▶ [What needs to be done]:
One range is to be output from the listing below, exactly as written: the line with "Maysa Abdel Razaq" to the line with "Veja Fotos Do", both kept.

Records shown START

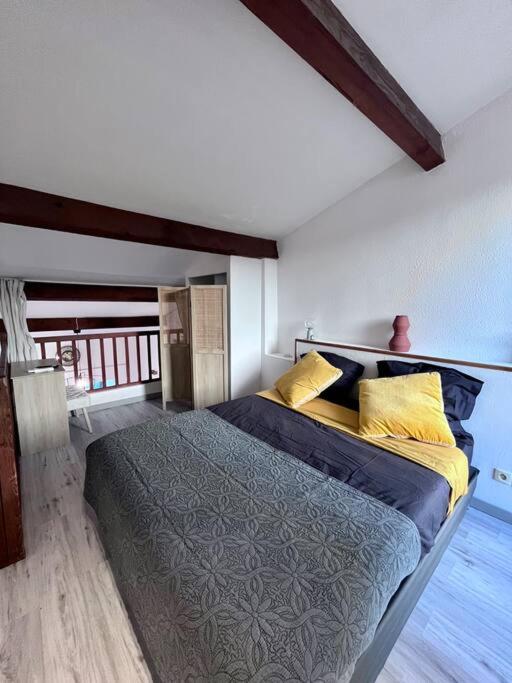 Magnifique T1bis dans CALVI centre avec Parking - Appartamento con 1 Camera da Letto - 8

Records shown END
Records shown START

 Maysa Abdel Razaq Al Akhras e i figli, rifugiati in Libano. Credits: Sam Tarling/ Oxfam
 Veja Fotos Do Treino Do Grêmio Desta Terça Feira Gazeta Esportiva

Records shown END

▶ [Output of the task]:
 Maysa Abdel Razaq Al Akhras e i figli, rifugiati in Libano. Credits: Sam Tarling/ Oxfam
 Veja Fotos Do Treino Do Grêmio Desta Terça Feira Gazeta Esportiva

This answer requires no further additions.